Шелихов приглядывался: что местные-то люди едят? Почему их хворь не берёт? Ели вроде всё то же — рыбу да мясо. И то впроголодь, ежели охота или рыбалка не удавалась. Ели, правда, и рыбу и мясо сырыми. Но русскому-то человеку сырая эта пища и в горло не шла. От нужды, бывало, конечно, на охоте мужик и сырого поест. А так каждый день кого заставишь? Да и нужно ли было заставлять? Кто знал.
По избам между тем уже несколько мужиков лежали пластом. Шелихов велел поднимать силой. Мужики поднимались, но, смотришь, — тот присел у избы на сугроб, посерев лицом, другой приткнулся к стене, третий вроде и ногами двигает, но как неживой.
Ему говорят:
— Давай, ходи веселей.
А он, бледными губами шевеля, еле-еле ответит:
— Оставьте, братцы, я присяду... Силов нет...
И, как куль с тряпками, опустится где придётся.
— Посижу чуток, — скажет, — посижу...
И ты такого хоть толкай, хоть бей. Не поднимется.
Голиков всё бубнил что-то за спиной, выхваляя мех. Но слов, что говорил он, не слышал Григорий Иванович.
Мужик на тропинке в который уже раз поставил свою ношу на снег и вдруг, ступив неловко в сторону, повалился на бок. Ударился головой о ледяную кочку. Вытянулся.

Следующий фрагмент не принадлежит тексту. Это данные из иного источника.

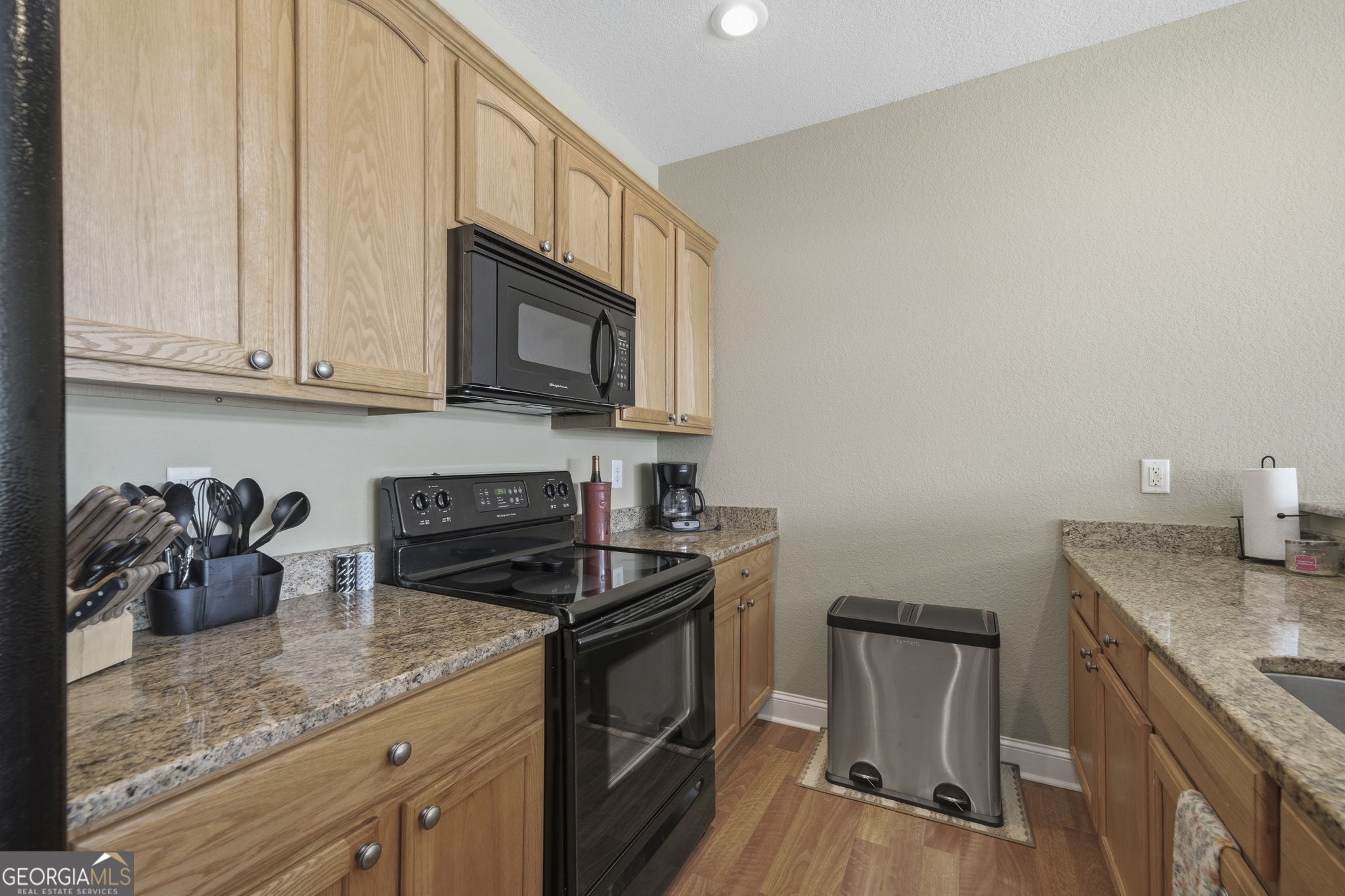 655 Sandy Run Drive, Unit 4 Sparta, GA 31087 - Photo 30 of 59 a kitchen with granite countertop a sink a stove and cabinets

Григорий Иванович метнулся к двери. Слетел с крыльца, стуча каблуками. Заскрипел по снегу.
Мужик лежал лицом вниз, бросив ноги поперёк тропы. Шелихов ухватил его за плечи и перевернул на спину. Охнул от неожиданности. На тропе лежал Степан. Круглое казачье лицо его было белым, зубы сжаты, глаза закрыты.
— Ничего, очухается, — наклоняясь к лежащему, сказал Голиков, — очухается.
Григорий Иванович тряхнул Степана. У того голова безвольно закинулась.
— Степан, Степан, — позвал Шелихов.
Черпнул горсть снега и начал с силой растирать лицо. Снег таял под руками.